Around 1930 the pub was altered to form the current three‑room arrangement. The pub was also known as Turner's Vaults, although the period during which this name was used has not been recorded.

On 10 March 1975, the Queen's Head was included in the Grade II listing for 10–12 Little Underbank. The building forms a group with the Grade II-listed St Petersgate Bridge and 16–26 Little Underbank.

In the 1990s, the freehold owner Samuel Smith's removed the corridor to enlarge the bar and installed new fittings, resulting in a narrow front bar with alcoves, a central snug with a stove, and a larger room at the back. In May 2023, the Queen's Head closed as Samuel Smith's was seeking a new tenant, and in July 2025 the roof underwent repair work to ensure the building remained weather‑tight. As of August 2026, no further information has been published about the pub's status or future use.

==Architecture==
No. 12 (the Queen's Head) is constructed in brick and is of three storeys. At ground level it has a Gothic multi‑paned window and a matching rectangular fanlight above the doorway, which contains a six‑panel door.

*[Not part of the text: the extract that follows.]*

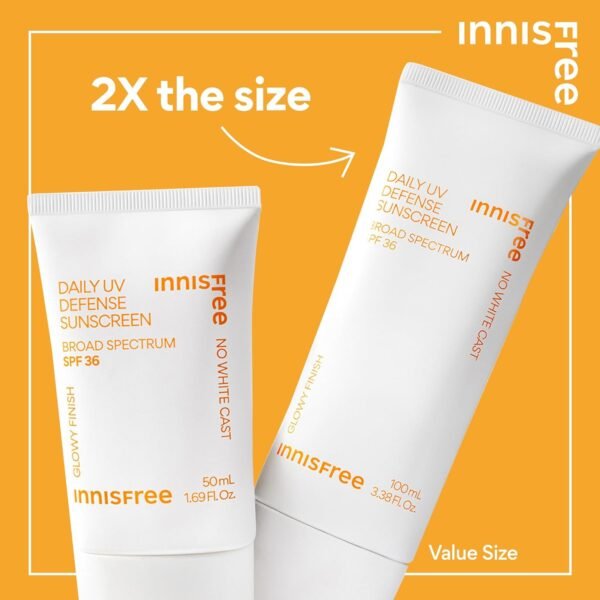 innisfree Jumbo Daily UV Defense Invisible Broad Spectrum SPF 36 Sunscreen - Imagem 10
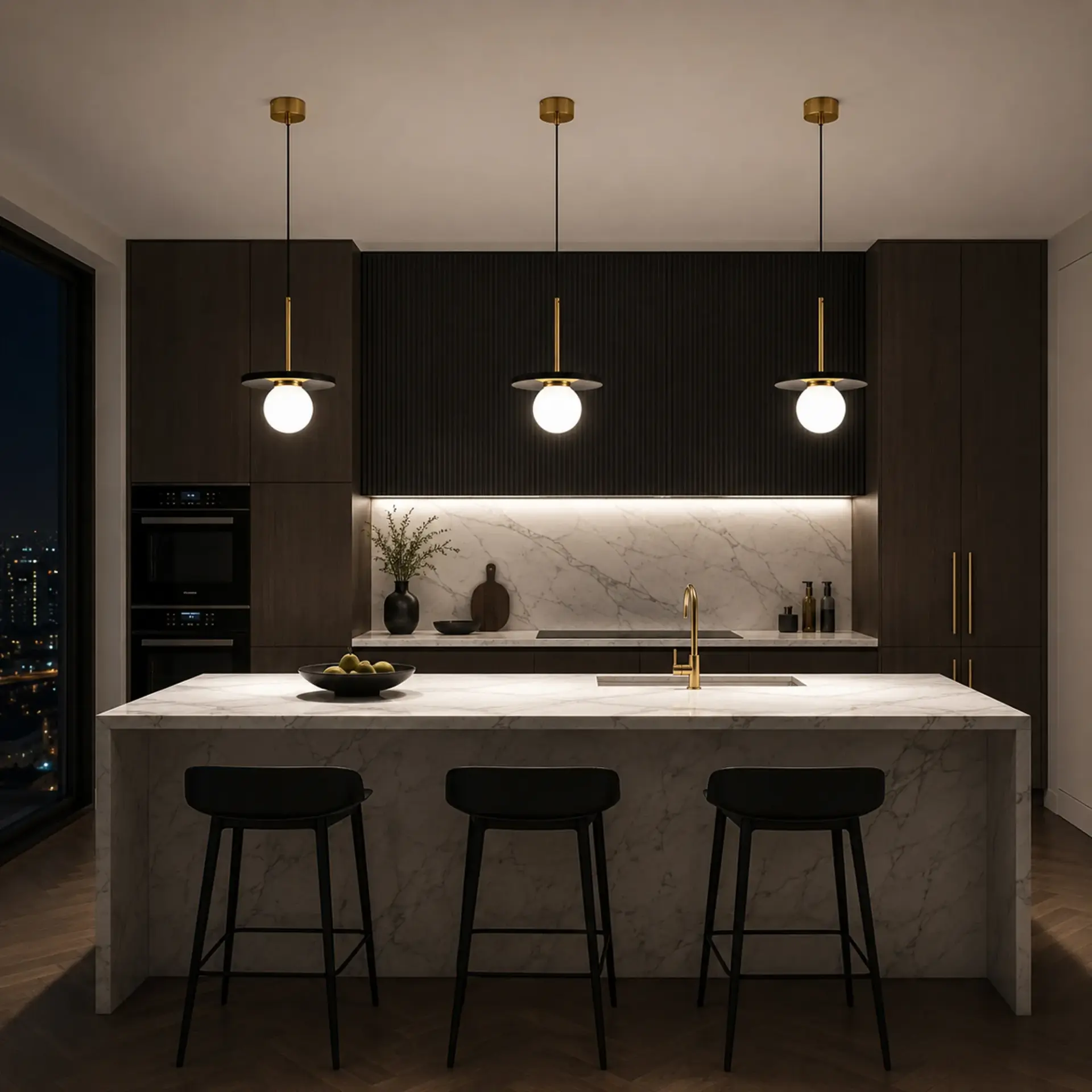 Светильник ST Luce SL1191.343.01 НЕБУЛА — латунь, ракурс 5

The first floor has a wide sash window, and the second floor has another sash of similar style but with fewer panes.

===Interior===
Inside, the rooms follow a long, narrow layout. The bar dates from later in the 19th century and still includes an original spirits dispenser. The main bar area is L‑shaped and has fixed seating. A timber partition at the back divides off a small snug on one side and a men's toilet on the other, with a stair nearby. Beyond this is a parlour with fixed seating and a top‑lit opening framed by decorative plasterwork.